It's not every day that a niche question of statistical definition represents a significant step forward for global policy. But today... is that day!
(Excessively long thread follows)
A little background. Since the Millennium Development Goals overlooked non-aid finance, pressure has been building to recognise the centrality of tax, and for global policy measures against the broad threat posed by 'illicit financial flows'...
Illicit financial flows, or IFF, is an umbrella term for cross-border capital movements covering corporate and individual tax abuse, the laundering of the proceeds of crime, abuses of market regulation, and the theft of state assets, first popularised by @Raymond_Baker
The @ECA_OFFICIAL/@_AfricanUnion High Level Panel on IFF out of Africa, chaired by Thabo Mbeki, provided a comprehensive look at the issue, and put it on the global agenda just in time for it to be adopted into the UN Sustainable Development Goals, the successor to the MDGs
And so with the birth of the Sustainable Development Goals in 2015 (they run to 2030), the world agreed SDG 16.4, to curtail illicit financial flows, and also recognised tax as the primary 'means of implementation' in SDG 17.1. Result!

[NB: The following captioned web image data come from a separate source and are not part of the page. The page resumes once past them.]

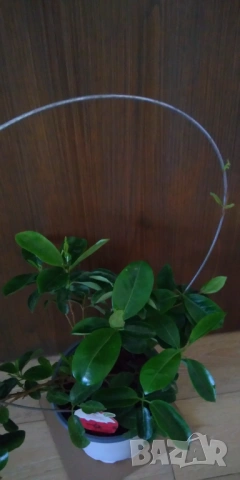 Дипладения,Мандевила , снимка 4 - Стайни растения - 53105529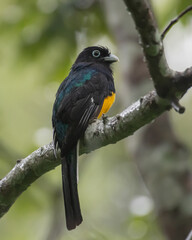 green backed trogon showing of its bright colors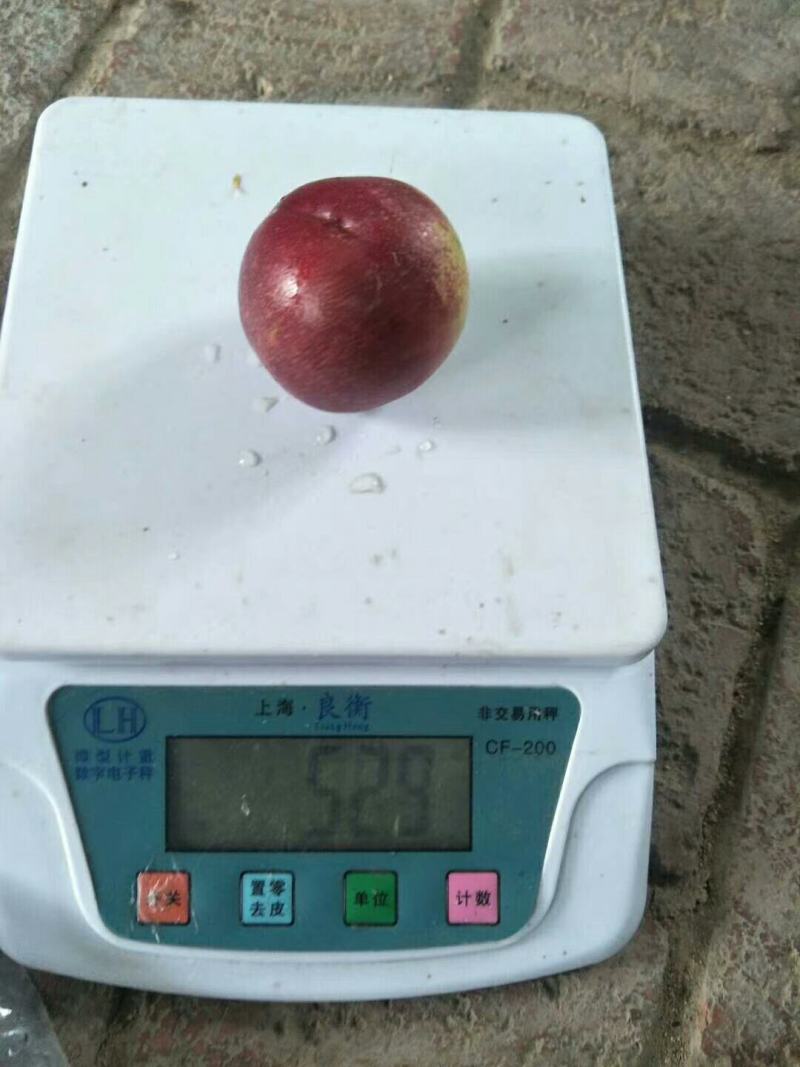 山东离核珍珠枣油桃，大量上市，货源充足，口感脆甜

Unfortunately... some leading OECD countries, and some major multinationals, immediately began trying to unpick SDG 16.4.
Why? Either over a turf war, or to prevent meaningful action...
Some didn't want corporate tax abuse to be included in order to 'protect' the OECD's role from a turf war with the UN (the first BEPS process was then underway); and the corporate lobbyists wanted to avoid multinationals being seen as 'illicit' actors, or being taxed more fairly
But of course, corporate tax abuse - both legally dubious 'avoidance' , and outright illegal 'evasion' - was central to the conception of illicit financial flows of the Mbeki panel and others, that underpinned the agreed SDG. So the lobbying aimed to subvert the global consensus.
And a fair bit more on the politics, and the actors behind the attempted subversion of the illicit financial flows target, in my book The Uncounted (ebook available now) wiley.com/en-us/The+Unco…
Such was the strength of lobbying against SDG 16.4, and the definition of IFFs, that @icrict@GA4TJ and @TaxJusticeNet went as far as writing to the UN Secretary General in 2017, calling on him to defend the globally agreed position taxjustice.net/2017/06/23/un-…
Late last year, an important step: the UN expert commission moved 16.4 from Tier 3 (no internationally established methodology) to Tier 2 "Indicator is conceptually clear, has an internationally established methodology & standards are available" unstats.un.org/sdgs/iaeg-sdgs…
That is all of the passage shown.